Netgate Discussion Forum
    • Categories
    • Recent
    • Tags
    • Popular
    • Users
    • Search
    • Register
    • Login

    Latency spikes during Filter reload - CE 2.6.0

    Scheduled Pinned Locked Moved General pfSense Questions
    36 Posts 6 Posters 4.2k Views
    Loading More Posts
    • Oldest to Newest
    • Newest to Oldest
    • Most Votes
    Reply
    • Reply as topic
    Log in to reply
    This topic has been deleted. Only users with topic management privileges can see it.
    • stephenw10S
      stephenw10 Netgate Administrator
      last edited by

      Yes, that. And those times look fine.

      You might also try:

      [22.01-RELEASE][admin@5100.stevew.lan]/root: time pfctl -f /tmp/rules.debug
      0.377u 0.329s 0:00.70 98.5%	208+187k 1+0io 0pf+0w
      

      Hardly additional rules on that box though:

      [22.01-RELEASE][admin@5100.stevew.lan]/root: pfctl -sr | wc -l
           121
      

      Steve

      C 4 Replies Last reply Reply Quote 0
      • C
        cclarke69 @stephenw10
        last edited by

        @stephenw10 - time pfctl -f /tmp/rules.debug -> 6.06 real 0.35 user 5.70 sys

        1 Reply Last reply Reply Quote 0
        • C
          cclarke69 @stephenw10
          last edited by

          @stephenw10 - 0.370u 5.780s 0:06.15 100.0% 203+182k 5+0io 0pf+0w

          1 Reply Last reply Reply Quote 0
          • C
            cclarke69 @stephenw10
            last edited by

            @stephenw10 - If it helps, I've restarted the pfSense and observed the stats.
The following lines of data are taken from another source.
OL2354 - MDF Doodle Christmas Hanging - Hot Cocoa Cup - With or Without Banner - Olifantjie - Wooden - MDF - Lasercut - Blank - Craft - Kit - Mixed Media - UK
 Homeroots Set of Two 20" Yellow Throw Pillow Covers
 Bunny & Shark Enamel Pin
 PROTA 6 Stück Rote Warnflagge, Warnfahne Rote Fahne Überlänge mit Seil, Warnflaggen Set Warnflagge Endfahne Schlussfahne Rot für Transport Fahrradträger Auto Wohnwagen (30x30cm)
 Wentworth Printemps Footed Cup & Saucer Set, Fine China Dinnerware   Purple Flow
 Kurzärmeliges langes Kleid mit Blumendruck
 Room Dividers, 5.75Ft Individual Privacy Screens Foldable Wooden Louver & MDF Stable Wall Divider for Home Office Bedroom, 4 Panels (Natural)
The WAN RTT was very high for ~50s after the GUI became available. The OpenVPN interfaces carried over the WAN connection gave normal RTT immediately.

            1 Reply Last reply Reply Quote 0
            • C
              cclarke69 @stephenw10
              last edited by

              @stephenw10 - And wireguard doesn't start after reboot. Having resaved the wireguard peers, the Gateways looked like

              d04c5886-afff-434b-b5a8-e83fb0d52e76-image.png

              When all should be sub 10ms.

              1 Reply Last reply Reply Quote 0
              • stephenw10S
                stephenw10 Netgate Administrator
                last edited by

                Hmm, those Wireguard stats are continually? Or for the 50s after boot?

                6s to load the ruleset is pretty extreme too.

                Testing here with a 1700 line ruleset and not seeing this. Still digging....

                C A 4 Replies Last reply Reply Quote 0
                • C
                  cclarke69 @stephenw10
                  last edited by

                  @stephenw10 - The stats above are for WAN and 2 OpenVPN interfaces, during the ~50s after Wireguard starts. I assume the rules are reloaded at that time? The other point I was making is that Wireguard won't start after reboot, until the WG peers have been disabled and re-enabled. I believe there's another thread somewhere on that topic. Wireguard was fine on 2.5.2

                  1 Reply Last reply Reply Quote 0
                  • C
                    cclarke69 @stephenw10
                    last edited by

                    @stephenw10 - Here is the ThinkBroadband Monitor showing pre and post upgrade

                    c992bc11-674d-4561-b55c-aa807ac60967-image.png

                    Stopping the rc.filter_configure_sync cron job running stops the latency spikes.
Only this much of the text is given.